____ Dataset excerpts

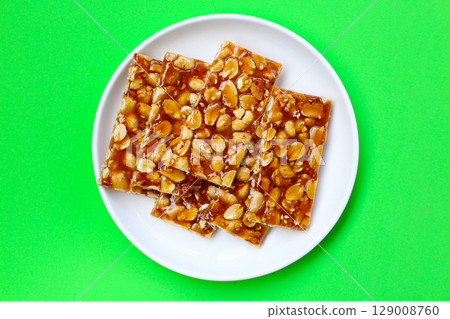 Peanut bars with sweet caramel 129008760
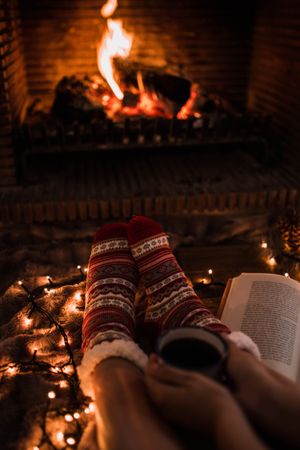 Faceless woman sitting by fireplace and holding mug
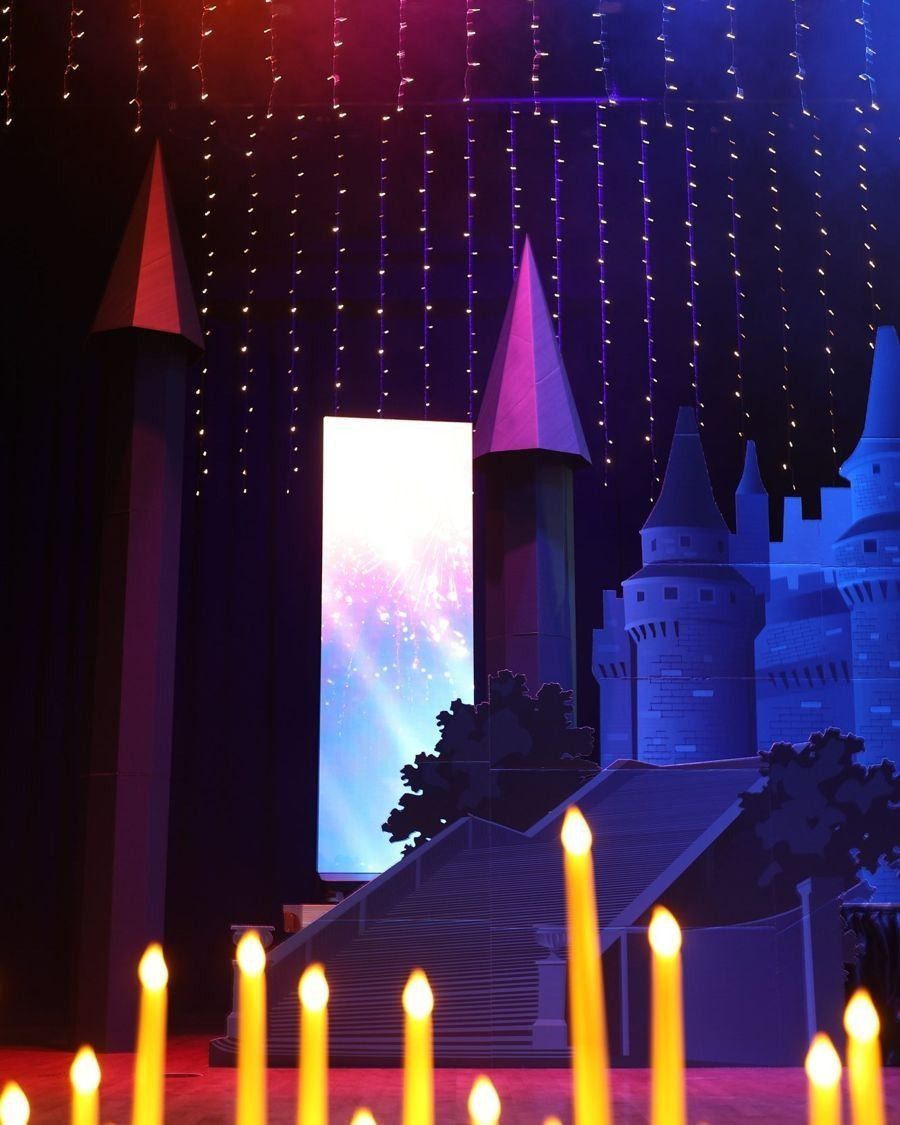 Castle stage set with candles and lit screen
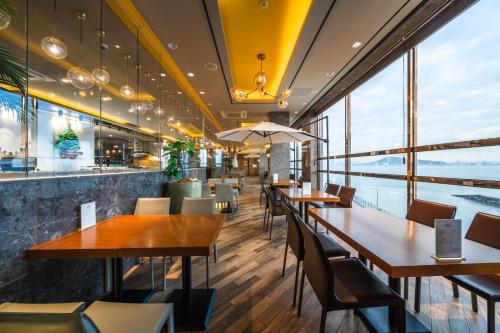 仁川市Inchon sky and sea ocean view hotel的餐厅设有桌椅和大窗户。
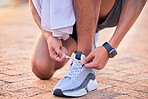 Closeup, outdoor and man with fitness, shoelace and runner with wellness, training and healthy lifestyle. Zoom, male athlete and guy with smartwatch, tying shoes and exercise for workout or endurance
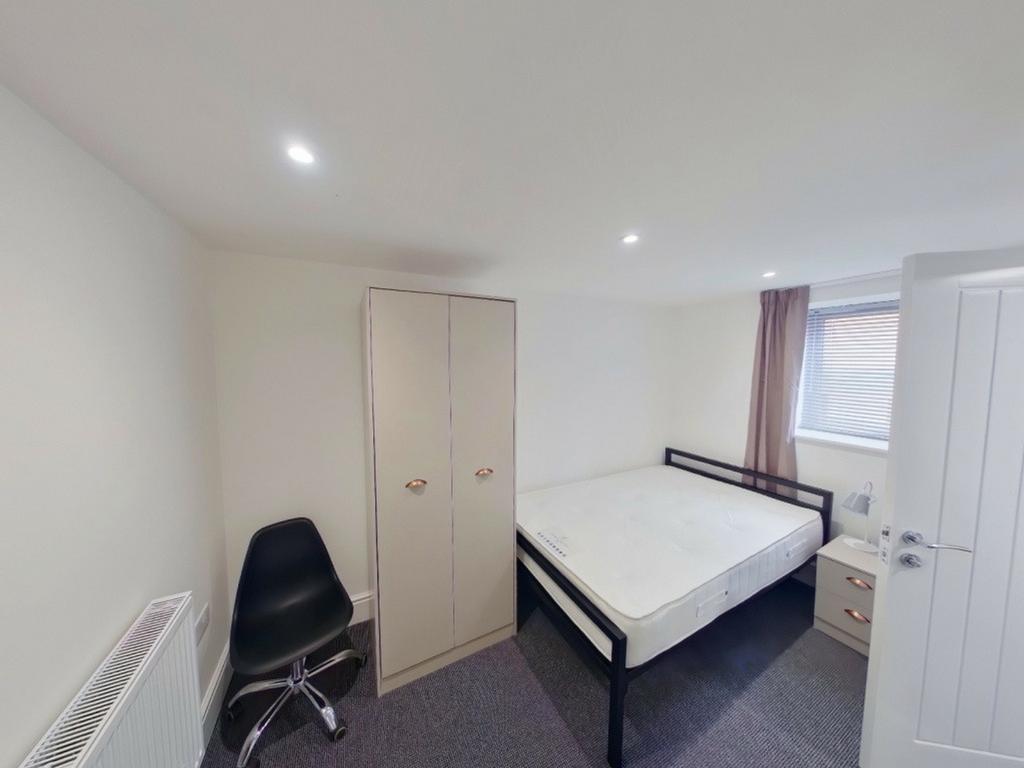 A spacious and bright double bedroom featuring ...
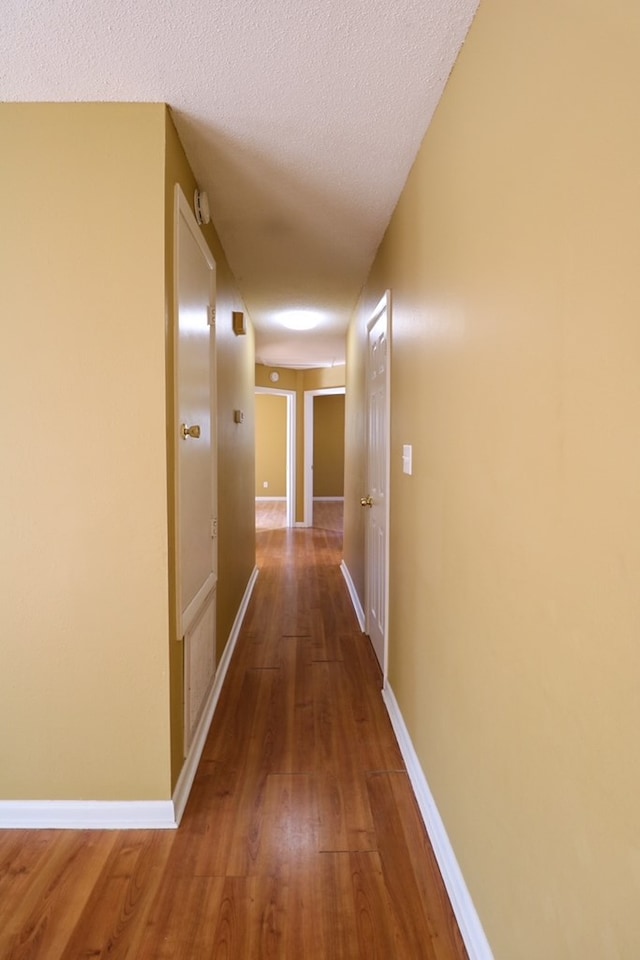 hall featuring a textured ceiling, baseboards, and wood finished floors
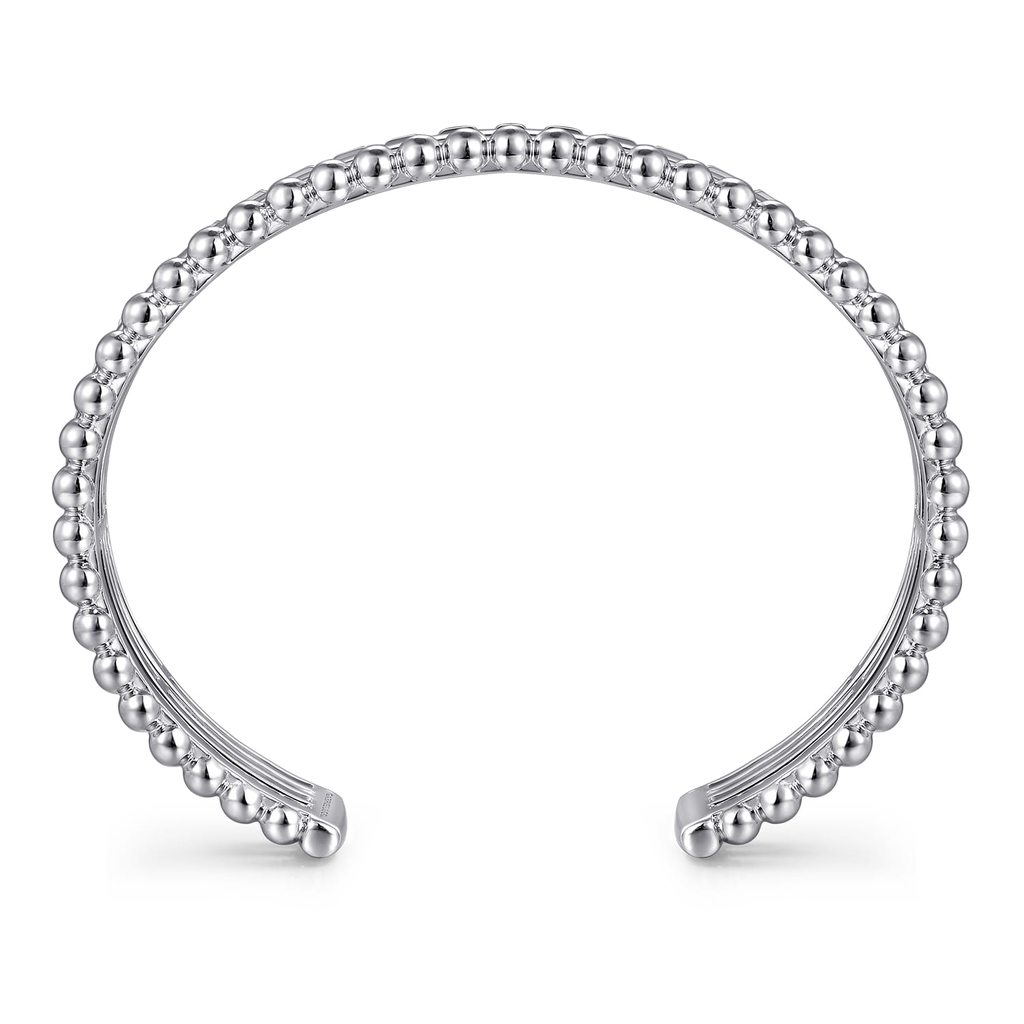 Silver beaded bracelet on a white background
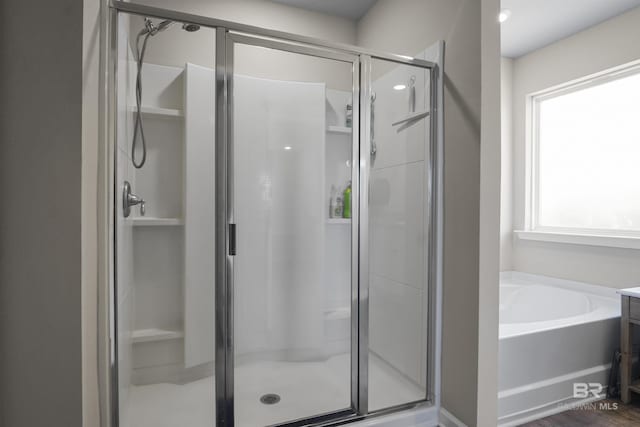 bathroom with a stall shower and a bath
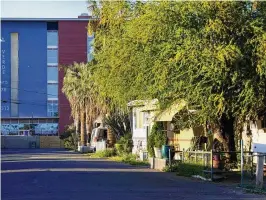  ?? AP PHOTO ?? Grand Canyon University’s Verde Apartments rise above the Periwinkle Mobile Home Park on April 11 in Phoenix. Residents of the park are facing an eviction deadline of May 28 due to the private university’s plan to redevelop the land for student housing.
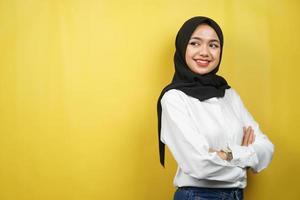 bella giovane donna musulmana asiatica sicura e allegra che sembra uno spazio vuoto che presenta qualcosa, isolato su sfondo giallo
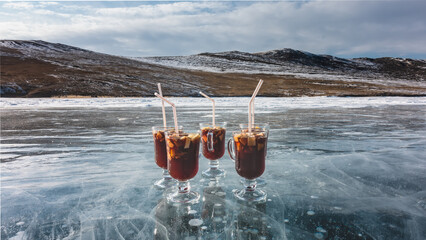 Glass mugs with mulled wine stand on a frozen lake. Red wine, sliced fruits, tubules. The ice is...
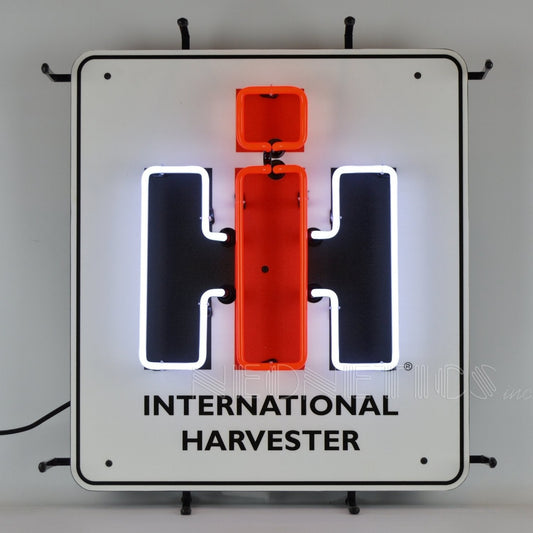 "International Harvester" neon sign with red and white lighting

________

▶ What is expected: Leave out the pictures and repeat the remaining data exactly.

▶ Exercise answer:
 Peanut bars with sweet caramel 129008760
 Faceless woman sitting by fireplace and holding mug
 Castle stage set with candles and lit screen
 仁川市Inchon sky and sea ocean view hotel的餐厅设有桌椅和大窗户。
 Closeup, outdoor and man with fitness, shoelace and runner with wellness, training and healthy lifestyle. Zoom, male athlete and guy with smartwatch, tying shoes and exercise for workout or endurance
 A spacious and bright double bedroom featuring ...
 hall featuring a textured ceiling, baseboards, and wood finished floors
 Silver beaded bracelet on a white background
 bathroom with a stall shower and a bath
  ?? AP PHOTO ?? Grand Canyon University’s Verde Apartments rise above the Periwinkle Mobile Home Park on April 11 in Phoenix. Residents of the park are facing an eviction deadline of May 28 due to the private university’s plan to redevelop the land for student housing.
 bella giovane donna musulmana asiatica sicura e allegra che sembra uno spazio vuoto che presenta qualcosa, isolato su sfondo giallo
 Glass mugs with mulled wine stand on a frozen lake. Red wine, sliced fruits, tubules. The ice is...
 "International Harvester" neon sign with red and white lighting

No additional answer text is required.